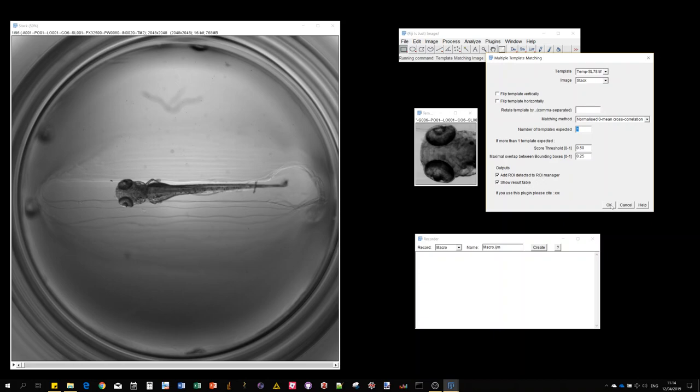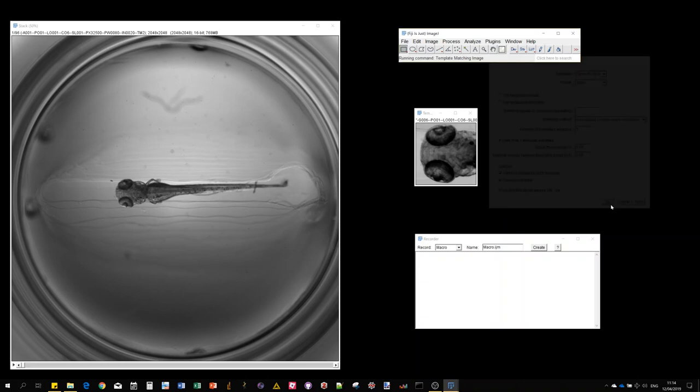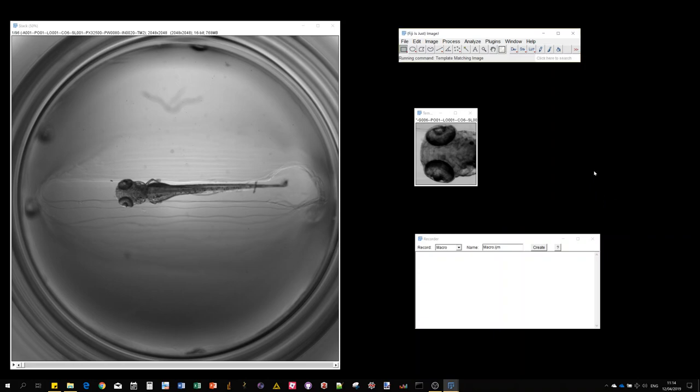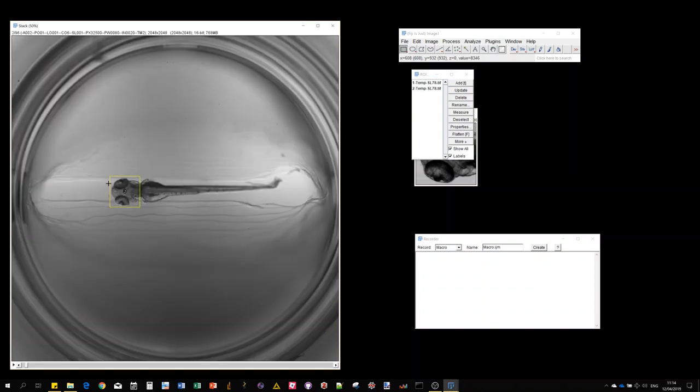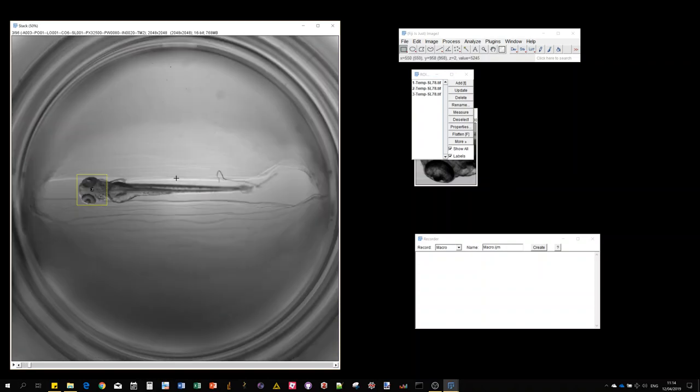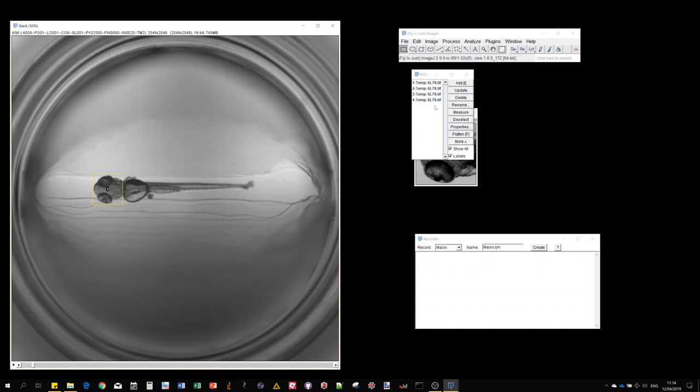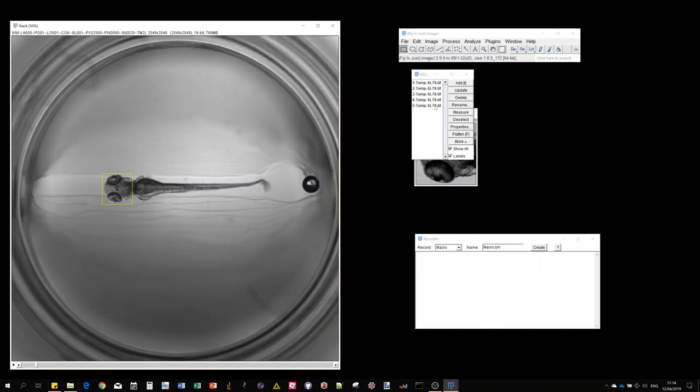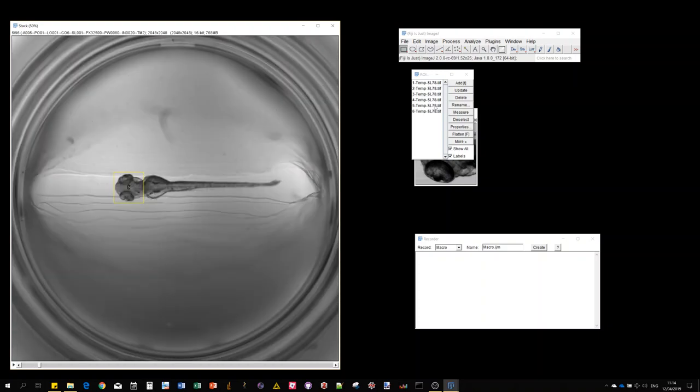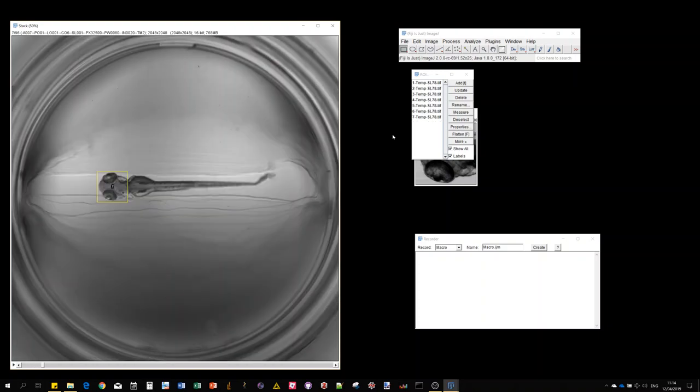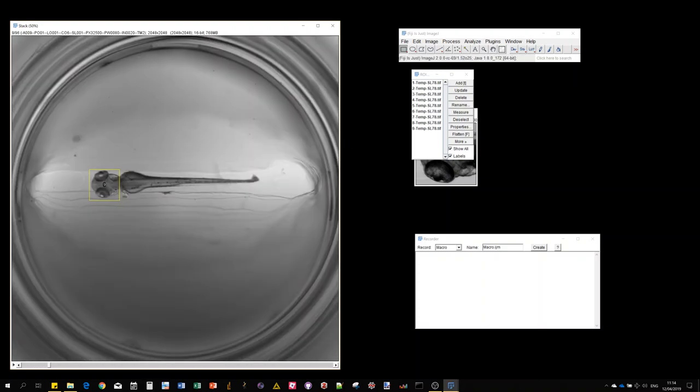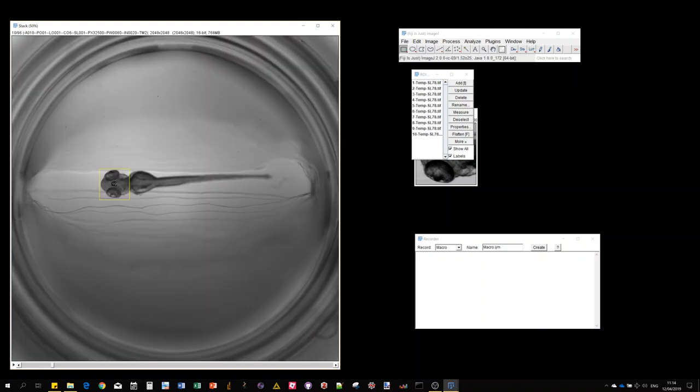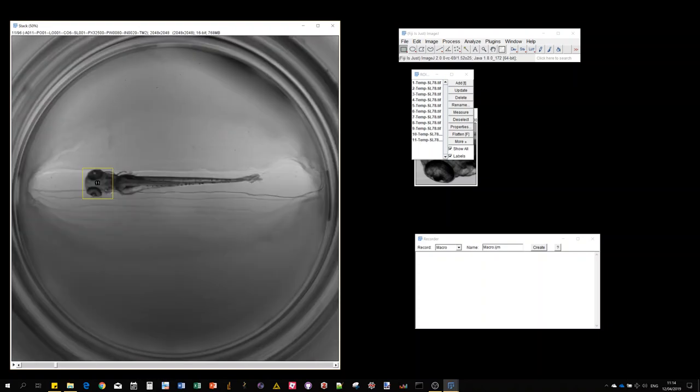Let's run it. The algorithm is going to automatically go to the next slice every time and the detected regions are appended to the ROI manager. At the end we'll get the result table and the recorded command will appear.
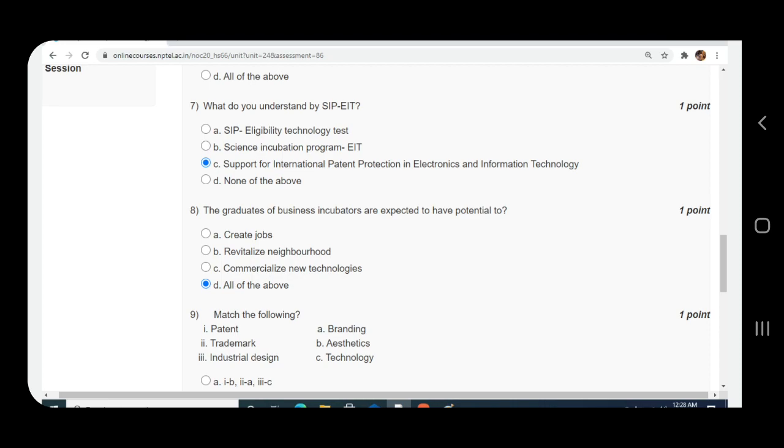Question number eight: The graduates of business incubators are expected to have potential to. Answer is again D, all of the above.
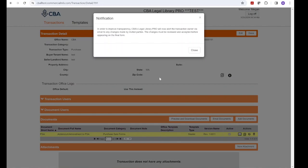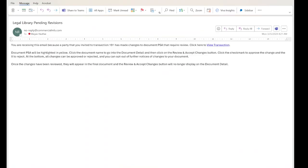Once you've invited someone into your transaction and they have made a change, you will see this email. You can click on the link and go straight to the transaction.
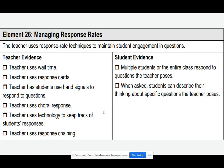Finally, teachers can use response rate techniques. For example, wait time, response cards, and hand signals. As the observer, you should see that students respond to these questions, and students can describe their thinking about specific questions.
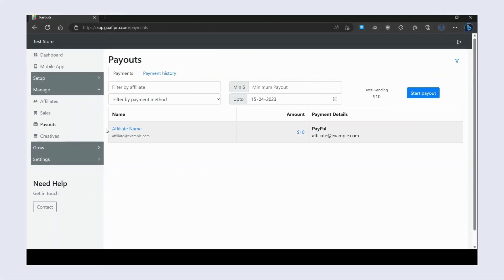Hello everyone, today we are going to be looking at how to create payout sessions for paying affiliates in the GoAff Pro app. In the Payouts tab of the GoAff Pro admin panel, go to the Payment section.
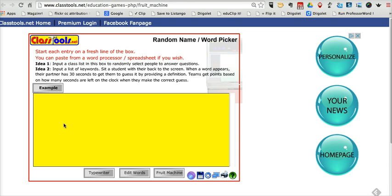They're both from classtools.net, and the first one is called the Fruit Machine. It's just a simple little application. Just type in your list of names, or you could copy and paste a list if you had one already written up. Let's go ahead and put in a few names.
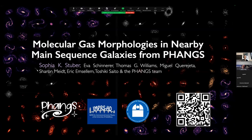Good morning, everybody. It is a pleasure to have with us today Sophia Stuber from the Max Planck Institute of Astronomy in Heidelberg. Sophia is doing her PhD thesis on a very interesting subject — not only for those of us working in galactic dynamics and galactic morphology, but in general, the morphology of the molecular gas can give answers to many open questions. We are very glad you are with us today, Sophia. Please go ahead.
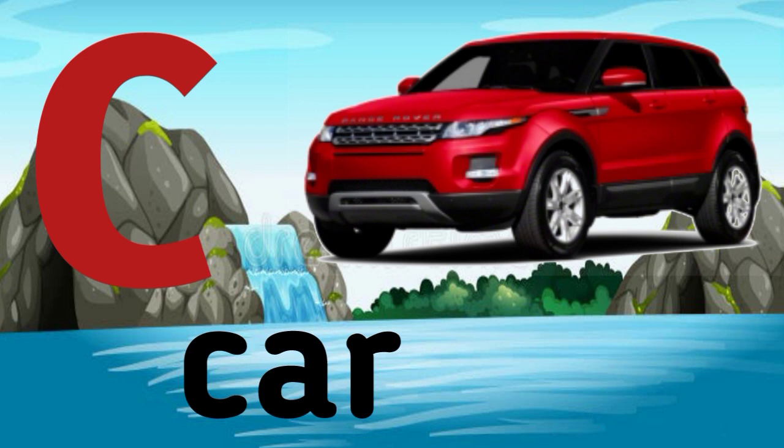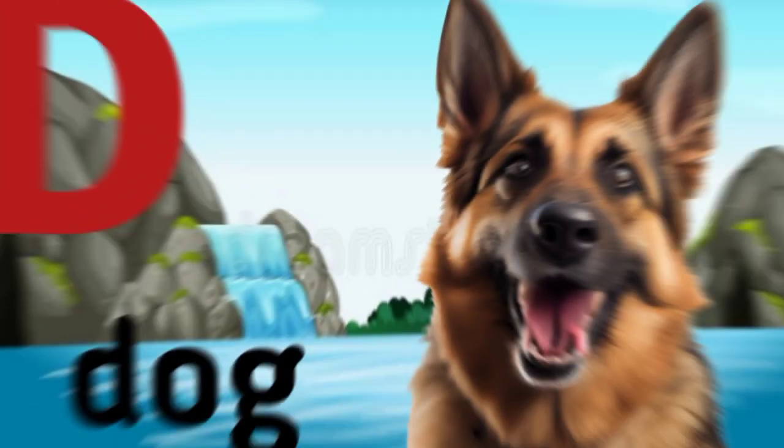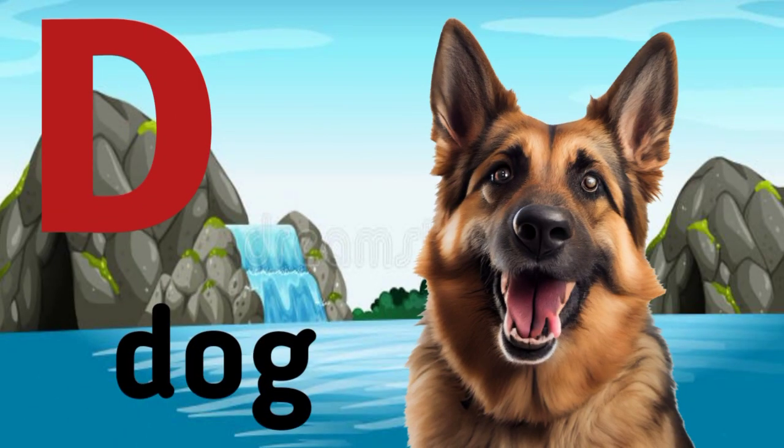C. C for car, C-A-R car. D. D for dog, D-O-G dog.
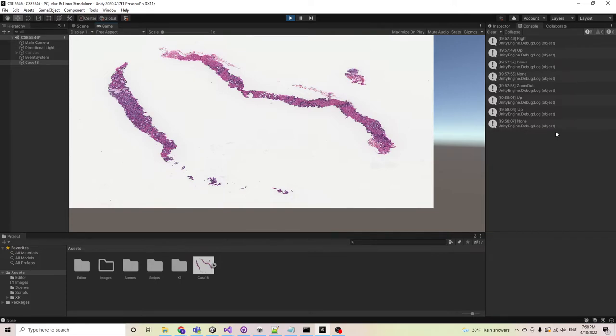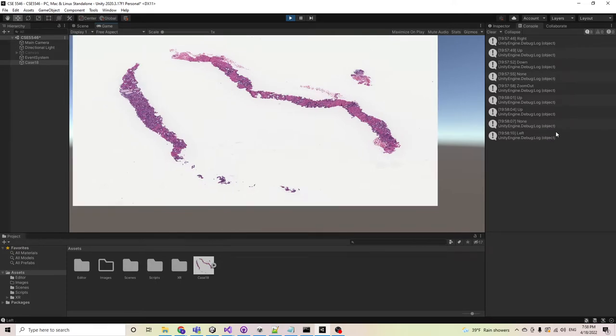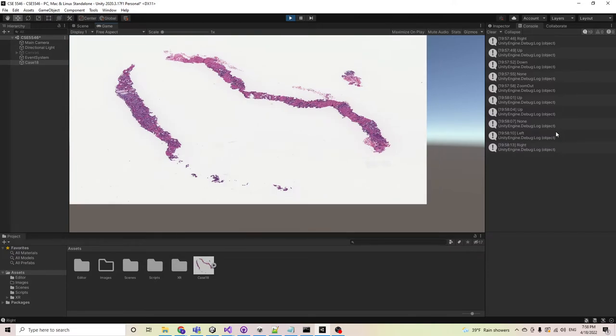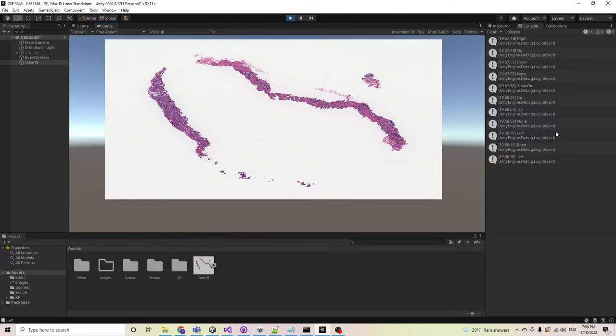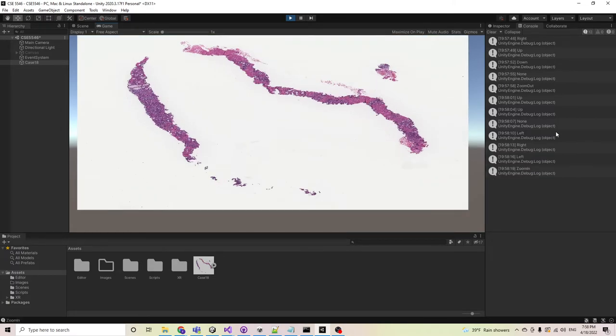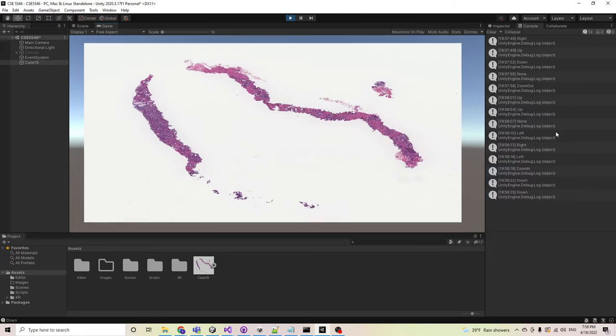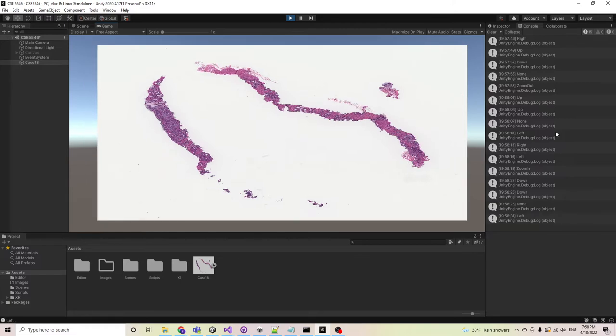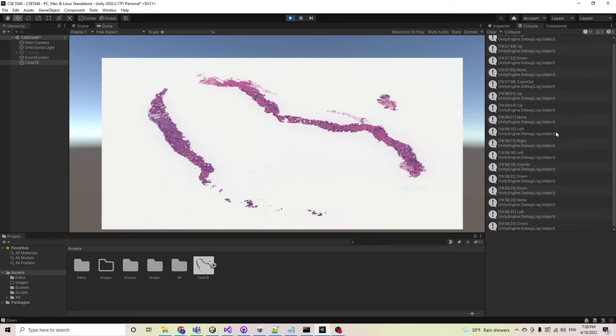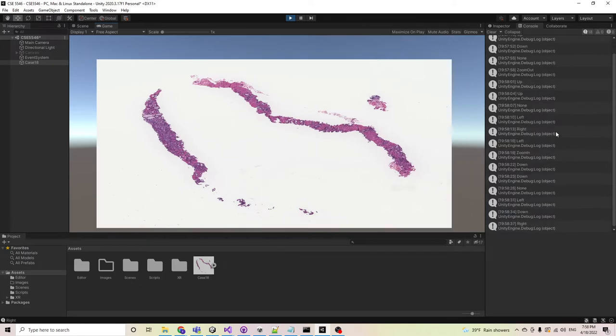I might leave it here for some time to have a good demonstration. Because the movement is decided randomly, with Python, we could do more accurate tracking. Here in the Unity part, we just simulate the user's eye movement within Unity.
---
=== What you need to do ===
Look above for the line with "Hello everyone, today" and the line with "They're both from". Output those two and everything between them exactly, pictures excluded.

=== Answer below ===
Hello everyone, today we are going to be looking at how to create payout sessions for paying affiliates in the GoAff Pro app. In the Payouts tab of the GoAff Pro admin panel, go to the Payment section.
They're both from classtools.net, and the first one is called the Fruit Machine. It's just a simple little application. Just type in your list of names, or you could copy and paste a list if you had one already written up. Let's go ahead and put in a few names.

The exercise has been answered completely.